作品は漆・麻布・金箔・金粉、銀粉、顔料・スタイロフォームを使用しています。
(作品により使用画材の種類が若干異なります。)
松井圭太郎展のサブタイトルは「Urushi 漆 Works」で、その名の通り、漆(うるし)で制作された作品の展示です。
左側壁面の「気がかりなこと」です。
中心から渦を巻いているような造形が目を引きます。
作品の制作過程を簡単に説明すると、まずスタイロフォームで形を作ります。
スタイロフォームは断熱材などに使用される発泡スチロールです。
その上に薄い麻布を何枚か貼って下地を作り、漆、顔料、金箔、金粉、銀粉で描画していきます。
基になったスタイロフォームは、最後に取り除かれますが、そのままになっている作品もあります。
左壁面の小品、「夜の通り」です。
松井さんの作品は、正面から見ると正方形の平面ですが、側面から見ると半立体の形をしています。

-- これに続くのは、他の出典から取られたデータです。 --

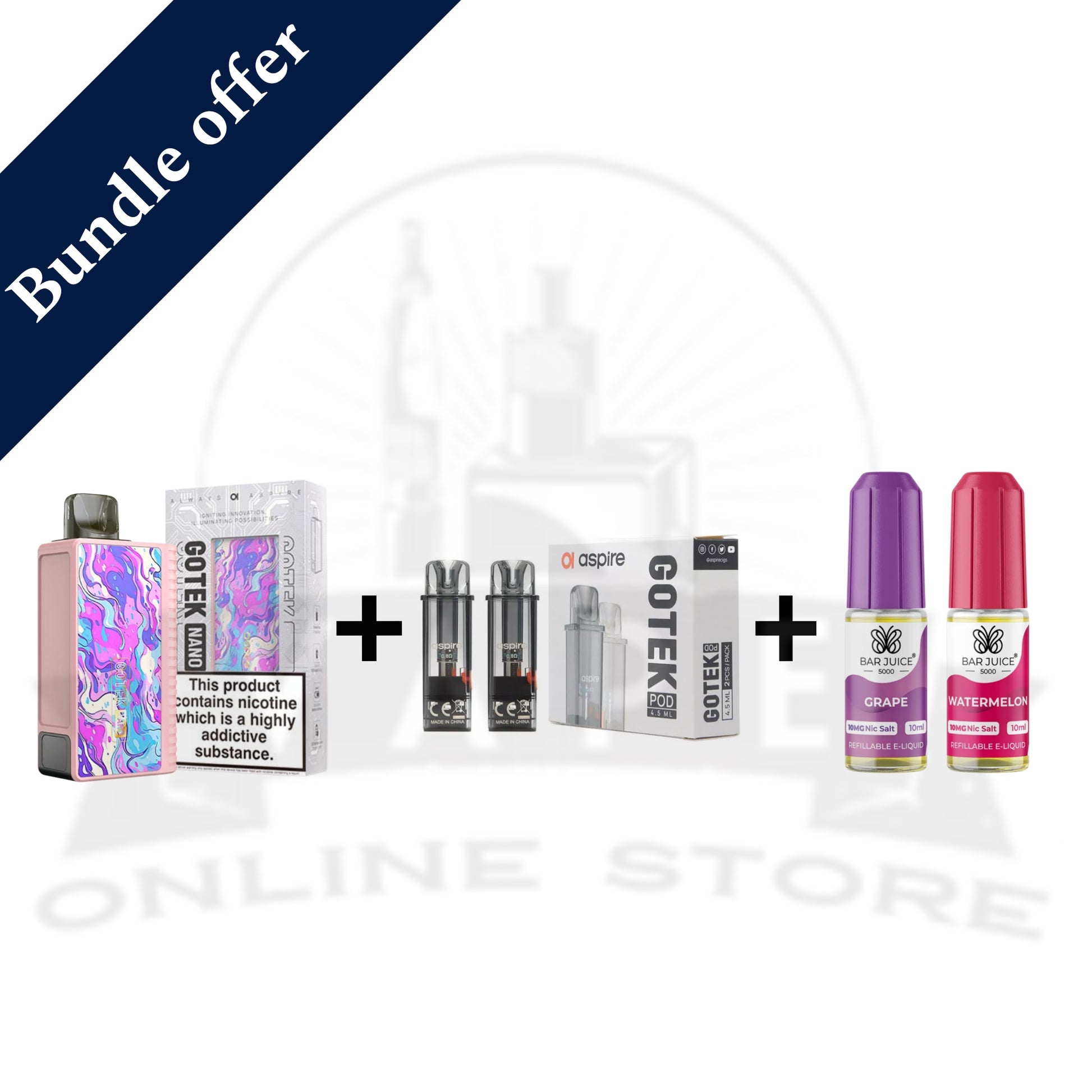 Aspire Gotek Nano Pod Kit + Pods + 2 Nic Salts Vape Bundle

作品のウェイトはこの形に置かれていて、すべてはそこから出発しています。
今回の画像は、側面から撮影した、形体が分かりやすいスタイルで掲載します。
正面壁面の「一晩中」です。
側面から見ると、波のような凹凸(おうとつ)が美しい作品です。
縦のストライプの作品ですが、地(背景)には金箔も使われています。
その金がうっすらと光を放っています。
右壁面の対になった「昨日の僕、明日の君」。
漆独特の光沢です。
描画と造形が対応している二点組ですが、タイトルも面白いですね。
入口横右壁面の七点組「一週間」です。
いずれも小さな正方形が描画されたシリーズで、やはり造形の変化に、作品の妙があります。
ご覧いただいたように松井さんの作品は半立体で、作品を周りからグルリと見ると、その魅力が伝わってきます。

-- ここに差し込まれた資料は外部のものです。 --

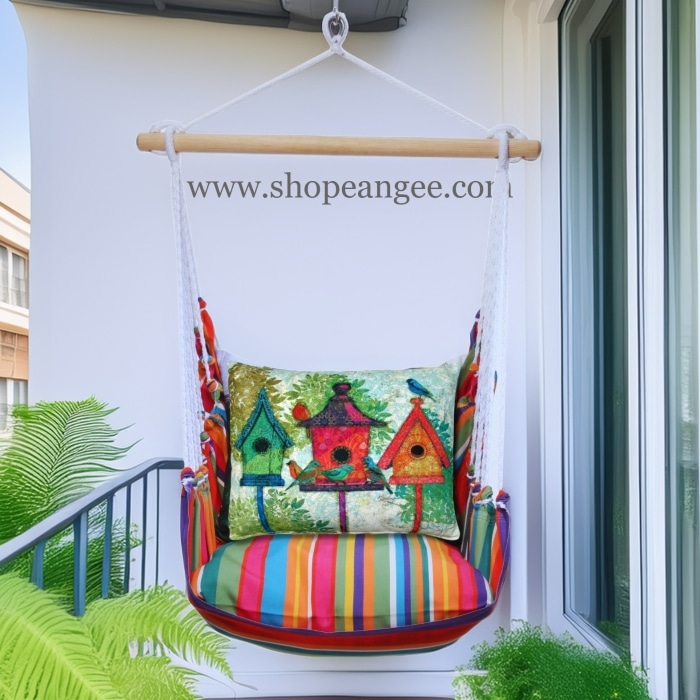 Swing Set 4 piece - Le Jardin Stripe w/ 3 Birdhouses <br>(Item # ljtc3b-sp)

描画されたパターンは正方形とラインで、初期のモダンアートを彷彿させます。
作品の最大の特徴は、やはり漆を使っていることです。
漆は何層にもわたって塗られていて、その結果は光沢、発色に表れています。
手間と時間がかかる工程ですが、長い歴史を経た技法が生んだものです。
漆が塗られた道具は漆器として有名で、伝統工芸になっています。
松井さんの作品は道具ではありませんが、道具の立体性を引き継いでいます。
そして、伝統工芸の知恵や時間も作品に内包されています。
見ていて飽きないのはその所為で、知恵や時間の意味を考えさせられます。
ご高覧よろしくお願いいたします。